County of San Diego: producing a successful popular annual financial report.

Author:Pena, Gaby

In the hands of an investor, stakeholder, or rating agency, the comprehensive annual financial report (CAFR) is, for the most part, easily understood. But in the hands of a citizen with no financial background, governmental reporting expertise, or clear understanding of generally accepted accounting principles, it can be very intimidating. As a result, the Government Finance Officers Association (GFOA) encourages state and local governments to issue a popular annual financial report (PAFR) to supplement the CAFR by providing a less detailed overview of a governments financial activities. The PAFR can play an important role in making financial information accessible to ordinary citizens and other interested parties who may find traditional financial reports cumbersome. The purpose of the popular report is not to replace or to detract readers from the CAFR, but to act as a supplement.

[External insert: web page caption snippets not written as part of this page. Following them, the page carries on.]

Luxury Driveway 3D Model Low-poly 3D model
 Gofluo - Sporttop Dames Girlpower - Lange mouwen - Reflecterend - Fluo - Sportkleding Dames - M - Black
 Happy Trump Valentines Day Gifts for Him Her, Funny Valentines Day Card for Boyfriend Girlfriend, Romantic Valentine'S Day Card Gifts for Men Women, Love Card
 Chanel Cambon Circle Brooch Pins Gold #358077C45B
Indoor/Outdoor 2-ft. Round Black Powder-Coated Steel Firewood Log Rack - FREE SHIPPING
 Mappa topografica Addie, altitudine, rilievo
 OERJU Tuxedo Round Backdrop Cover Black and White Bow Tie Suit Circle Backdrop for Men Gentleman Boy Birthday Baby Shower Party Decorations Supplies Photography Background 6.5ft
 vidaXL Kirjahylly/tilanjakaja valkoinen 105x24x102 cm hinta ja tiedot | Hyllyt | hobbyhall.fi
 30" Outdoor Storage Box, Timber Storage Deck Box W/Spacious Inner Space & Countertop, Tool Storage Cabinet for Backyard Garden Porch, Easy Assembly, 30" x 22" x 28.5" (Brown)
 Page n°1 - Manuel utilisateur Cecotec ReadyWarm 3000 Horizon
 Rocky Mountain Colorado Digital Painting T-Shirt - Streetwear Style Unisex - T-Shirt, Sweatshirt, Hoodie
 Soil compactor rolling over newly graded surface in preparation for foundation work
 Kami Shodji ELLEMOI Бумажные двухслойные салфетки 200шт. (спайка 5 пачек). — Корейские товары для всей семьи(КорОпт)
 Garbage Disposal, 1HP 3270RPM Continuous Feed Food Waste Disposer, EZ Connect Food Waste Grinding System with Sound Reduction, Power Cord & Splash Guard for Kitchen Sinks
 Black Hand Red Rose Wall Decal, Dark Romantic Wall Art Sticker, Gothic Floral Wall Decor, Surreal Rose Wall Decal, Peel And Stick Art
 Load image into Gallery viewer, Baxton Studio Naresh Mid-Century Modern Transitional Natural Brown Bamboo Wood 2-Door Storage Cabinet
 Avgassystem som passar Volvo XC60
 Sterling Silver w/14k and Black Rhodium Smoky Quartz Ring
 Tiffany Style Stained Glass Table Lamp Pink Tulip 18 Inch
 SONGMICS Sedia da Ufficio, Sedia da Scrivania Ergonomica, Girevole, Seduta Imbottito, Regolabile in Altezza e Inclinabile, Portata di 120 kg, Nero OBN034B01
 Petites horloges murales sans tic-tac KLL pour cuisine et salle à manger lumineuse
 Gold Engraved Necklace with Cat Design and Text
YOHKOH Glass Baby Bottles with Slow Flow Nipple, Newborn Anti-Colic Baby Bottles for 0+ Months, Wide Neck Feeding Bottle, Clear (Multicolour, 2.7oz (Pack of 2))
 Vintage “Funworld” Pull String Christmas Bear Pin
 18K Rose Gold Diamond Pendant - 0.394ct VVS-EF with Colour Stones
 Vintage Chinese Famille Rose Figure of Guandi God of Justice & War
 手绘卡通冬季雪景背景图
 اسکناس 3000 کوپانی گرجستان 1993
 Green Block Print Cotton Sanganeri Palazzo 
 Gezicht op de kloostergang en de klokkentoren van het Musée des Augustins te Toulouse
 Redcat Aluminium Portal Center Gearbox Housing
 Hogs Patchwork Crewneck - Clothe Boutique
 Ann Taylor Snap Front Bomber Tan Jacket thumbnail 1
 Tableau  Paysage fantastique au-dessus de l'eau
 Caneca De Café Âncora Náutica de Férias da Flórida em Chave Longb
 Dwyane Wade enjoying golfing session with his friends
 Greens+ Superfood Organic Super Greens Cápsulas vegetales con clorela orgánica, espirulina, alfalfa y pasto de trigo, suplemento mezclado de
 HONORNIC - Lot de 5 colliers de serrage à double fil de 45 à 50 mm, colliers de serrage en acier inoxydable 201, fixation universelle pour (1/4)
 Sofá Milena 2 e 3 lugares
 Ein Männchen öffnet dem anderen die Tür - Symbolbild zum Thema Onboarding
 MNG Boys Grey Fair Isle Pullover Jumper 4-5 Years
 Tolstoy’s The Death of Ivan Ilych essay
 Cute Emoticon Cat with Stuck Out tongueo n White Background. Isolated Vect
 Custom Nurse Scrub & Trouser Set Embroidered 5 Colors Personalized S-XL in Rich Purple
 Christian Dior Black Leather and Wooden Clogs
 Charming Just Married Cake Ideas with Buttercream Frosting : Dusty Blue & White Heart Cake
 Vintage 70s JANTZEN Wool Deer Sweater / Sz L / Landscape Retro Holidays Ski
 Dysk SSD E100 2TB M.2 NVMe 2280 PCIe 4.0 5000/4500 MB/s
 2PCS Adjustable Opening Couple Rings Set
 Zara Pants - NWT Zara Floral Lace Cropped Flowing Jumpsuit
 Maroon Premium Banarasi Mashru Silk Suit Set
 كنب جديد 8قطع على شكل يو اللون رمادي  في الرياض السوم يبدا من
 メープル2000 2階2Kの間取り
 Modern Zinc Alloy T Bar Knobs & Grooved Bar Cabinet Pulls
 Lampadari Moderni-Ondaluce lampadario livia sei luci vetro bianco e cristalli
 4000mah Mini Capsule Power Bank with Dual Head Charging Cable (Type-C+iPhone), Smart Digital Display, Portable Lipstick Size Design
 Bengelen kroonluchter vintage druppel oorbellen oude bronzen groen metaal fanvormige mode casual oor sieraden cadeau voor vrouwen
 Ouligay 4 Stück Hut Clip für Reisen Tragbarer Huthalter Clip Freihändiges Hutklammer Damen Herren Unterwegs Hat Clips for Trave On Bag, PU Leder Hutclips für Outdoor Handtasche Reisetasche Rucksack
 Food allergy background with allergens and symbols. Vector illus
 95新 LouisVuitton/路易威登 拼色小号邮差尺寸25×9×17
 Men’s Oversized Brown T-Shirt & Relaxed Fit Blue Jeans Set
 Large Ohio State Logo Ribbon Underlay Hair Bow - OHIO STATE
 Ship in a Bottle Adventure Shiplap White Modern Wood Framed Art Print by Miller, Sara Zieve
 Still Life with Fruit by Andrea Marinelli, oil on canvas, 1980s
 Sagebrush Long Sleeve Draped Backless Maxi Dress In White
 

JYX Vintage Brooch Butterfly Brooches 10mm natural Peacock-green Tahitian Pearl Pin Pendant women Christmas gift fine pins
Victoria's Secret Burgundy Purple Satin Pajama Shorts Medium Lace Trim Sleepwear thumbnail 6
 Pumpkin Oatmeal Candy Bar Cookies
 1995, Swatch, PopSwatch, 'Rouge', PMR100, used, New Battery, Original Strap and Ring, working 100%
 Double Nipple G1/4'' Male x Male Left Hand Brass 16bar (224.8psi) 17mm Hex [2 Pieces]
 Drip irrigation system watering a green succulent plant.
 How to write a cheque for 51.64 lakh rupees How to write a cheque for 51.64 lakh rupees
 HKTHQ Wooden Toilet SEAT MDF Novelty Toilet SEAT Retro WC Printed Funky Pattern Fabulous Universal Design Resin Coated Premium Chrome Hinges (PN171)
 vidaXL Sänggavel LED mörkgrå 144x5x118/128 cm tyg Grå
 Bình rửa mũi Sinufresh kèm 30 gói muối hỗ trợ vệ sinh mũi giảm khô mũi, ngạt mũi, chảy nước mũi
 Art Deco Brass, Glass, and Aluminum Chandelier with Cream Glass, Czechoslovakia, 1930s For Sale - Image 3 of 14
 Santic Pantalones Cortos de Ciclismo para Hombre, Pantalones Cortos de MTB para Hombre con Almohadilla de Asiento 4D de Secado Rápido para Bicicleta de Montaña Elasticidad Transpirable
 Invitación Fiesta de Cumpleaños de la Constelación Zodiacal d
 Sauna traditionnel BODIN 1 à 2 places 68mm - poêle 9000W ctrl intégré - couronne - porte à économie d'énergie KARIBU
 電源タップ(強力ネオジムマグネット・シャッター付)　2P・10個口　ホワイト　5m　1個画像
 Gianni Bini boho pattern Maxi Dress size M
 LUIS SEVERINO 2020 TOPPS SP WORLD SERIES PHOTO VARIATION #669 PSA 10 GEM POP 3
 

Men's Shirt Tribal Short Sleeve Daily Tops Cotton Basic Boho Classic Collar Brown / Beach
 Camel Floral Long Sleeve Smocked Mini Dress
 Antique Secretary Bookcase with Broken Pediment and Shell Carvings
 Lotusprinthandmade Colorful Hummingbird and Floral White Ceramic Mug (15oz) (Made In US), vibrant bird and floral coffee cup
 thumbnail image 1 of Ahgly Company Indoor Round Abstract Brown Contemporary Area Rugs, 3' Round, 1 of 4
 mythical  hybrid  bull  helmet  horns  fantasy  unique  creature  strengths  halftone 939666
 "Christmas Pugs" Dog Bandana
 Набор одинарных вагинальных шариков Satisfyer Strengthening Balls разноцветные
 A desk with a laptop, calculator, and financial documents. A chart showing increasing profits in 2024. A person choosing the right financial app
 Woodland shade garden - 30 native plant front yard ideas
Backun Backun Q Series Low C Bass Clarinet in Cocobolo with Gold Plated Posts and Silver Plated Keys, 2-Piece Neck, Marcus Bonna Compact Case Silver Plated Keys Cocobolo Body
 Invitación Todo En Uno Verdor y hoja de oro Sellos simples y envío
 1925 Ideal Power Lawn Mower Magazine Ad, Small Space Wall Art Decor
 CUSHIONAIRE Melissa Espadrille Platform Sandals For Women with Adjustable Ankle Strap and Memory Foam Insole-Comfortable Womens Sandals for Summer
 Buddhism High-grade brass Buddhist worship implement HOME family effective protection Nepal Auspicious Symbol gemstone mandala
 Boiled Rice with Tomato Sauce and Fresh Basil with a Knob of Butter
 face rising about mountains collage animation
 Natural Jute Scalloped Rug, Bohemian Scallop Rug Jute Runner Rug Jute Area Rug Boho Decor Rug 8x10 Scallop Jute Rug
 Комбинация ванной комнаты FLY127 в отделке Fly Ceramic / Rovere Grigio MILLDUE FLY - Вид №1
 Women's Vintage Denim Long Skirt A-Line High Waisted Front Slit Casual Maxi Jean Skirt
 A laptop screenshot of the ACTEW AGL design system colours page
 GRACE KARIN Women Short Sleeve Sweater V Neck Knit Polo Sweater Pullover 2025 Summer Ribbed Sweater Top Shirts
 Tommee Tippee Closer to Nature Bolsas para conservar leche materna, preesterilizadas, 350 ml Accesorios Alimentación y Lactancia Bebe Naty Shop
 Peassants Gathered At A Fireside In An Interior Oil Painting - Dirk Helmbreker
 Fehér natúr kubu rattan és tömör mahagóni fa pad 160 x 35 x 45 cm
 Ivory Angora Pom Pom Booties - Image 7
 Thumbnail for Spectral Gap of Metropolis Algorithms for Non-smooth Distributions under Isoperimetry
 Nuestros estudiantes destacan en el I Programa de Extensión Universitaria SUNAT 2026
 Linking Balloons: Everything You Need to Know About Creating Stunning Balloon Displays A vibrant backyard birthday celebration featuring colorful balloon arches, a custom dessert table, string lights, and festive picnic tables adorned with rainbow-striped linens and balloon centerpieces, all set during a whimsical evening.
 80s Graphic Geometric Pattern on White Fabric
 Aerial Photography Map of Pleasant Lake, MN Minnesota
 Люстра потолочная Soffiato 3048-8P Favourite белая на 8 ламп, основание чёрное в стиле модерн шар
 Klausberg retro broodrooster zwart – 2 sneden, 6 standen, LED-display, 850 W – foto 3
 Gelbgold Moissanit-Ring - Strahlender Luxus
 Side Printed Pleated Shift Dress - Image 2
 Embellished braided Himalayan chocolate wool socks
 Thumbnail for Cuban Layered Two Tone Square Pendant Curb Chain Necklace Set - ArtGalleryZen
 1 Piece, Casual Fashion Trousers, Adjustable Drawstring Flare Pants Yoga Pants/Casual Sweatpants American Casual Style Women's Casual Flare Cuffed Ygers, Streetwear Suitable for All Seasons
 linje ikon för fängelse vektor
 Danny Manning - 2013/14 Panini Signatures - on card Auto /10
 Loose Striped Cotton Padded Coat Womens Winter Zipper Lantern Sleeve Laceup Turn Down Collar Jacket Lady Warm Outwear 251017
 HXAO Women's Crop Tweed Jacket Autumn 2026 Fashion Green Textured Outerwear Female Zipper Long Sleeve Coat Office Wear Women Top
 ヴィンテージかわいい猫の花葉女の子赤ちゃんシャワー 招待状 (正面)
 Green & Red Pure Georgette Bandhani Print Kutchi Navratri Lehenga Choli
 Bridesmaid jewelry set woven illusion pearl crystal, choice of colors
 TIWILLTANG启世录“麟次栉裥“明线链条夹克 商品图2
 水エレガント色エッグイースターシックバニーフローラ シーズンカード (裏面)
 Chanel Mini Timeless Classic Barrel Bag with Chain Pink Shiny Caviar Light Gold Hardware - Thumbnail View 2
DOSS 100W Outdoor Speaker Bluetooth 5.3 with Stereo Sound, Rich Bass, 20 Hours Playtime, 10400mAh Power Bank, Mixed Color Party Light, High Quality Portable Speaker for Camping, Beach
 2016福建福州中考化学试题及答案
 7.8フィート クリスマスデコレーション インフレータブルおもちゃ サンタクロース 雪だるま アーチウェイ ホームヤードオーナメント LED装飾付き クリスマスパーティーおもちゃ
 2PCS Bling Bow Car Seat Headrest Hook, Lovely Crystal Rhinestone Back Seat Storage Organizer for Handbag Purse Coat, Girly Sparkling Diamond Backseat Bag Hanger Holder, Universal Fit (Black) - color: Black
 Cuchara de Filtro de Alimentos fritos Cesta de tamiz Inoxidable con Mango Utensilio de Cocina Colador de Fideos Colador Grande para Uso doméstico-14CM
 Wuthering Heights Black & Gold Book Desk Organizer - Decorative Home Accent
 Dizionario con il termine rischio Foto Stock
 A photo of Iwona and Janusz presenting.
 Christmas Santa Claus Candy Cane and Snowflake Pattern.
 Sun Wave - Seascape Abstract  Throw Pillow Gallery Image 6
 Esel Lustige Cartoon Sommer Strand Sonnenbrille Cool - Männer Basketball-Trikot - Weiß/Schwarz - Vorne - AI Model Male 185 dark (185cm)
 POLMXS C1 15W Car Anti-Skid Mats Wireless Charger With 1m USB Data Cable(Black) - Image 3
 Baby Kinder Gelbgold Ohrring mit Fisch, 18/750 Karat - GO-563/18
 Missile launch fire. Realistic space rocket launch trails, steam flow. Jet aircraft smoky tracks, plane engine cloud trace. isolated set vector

When the County of San Diego issued its first PAFR in 2008, it had to determine what to put in the book, how to organize the data, and what design options to use. Team members put together a work plan that was made up of four stages, explained below.

  1. Data Analysis. The team reviewed award-winning PAFRs to identify what data other entities considered important and how other entities presented their financial information. They focused on entities of similar size, structure, and services provided.

  2. Data Matrix. The results of the data analysis exercise were captured in a matrix and further analyzed to determine what information was key, interesting, and valuable to PAFR readers. The final data the County of San Diego approved wasn't necessarily what other counties selected, but rather what made sense based on region, size, and customer base. Three key outcomes in this stage included introducing a five-business group structure, a business model (i.e., a strategic framework), and a special page dedicated to a fun or interesting fact.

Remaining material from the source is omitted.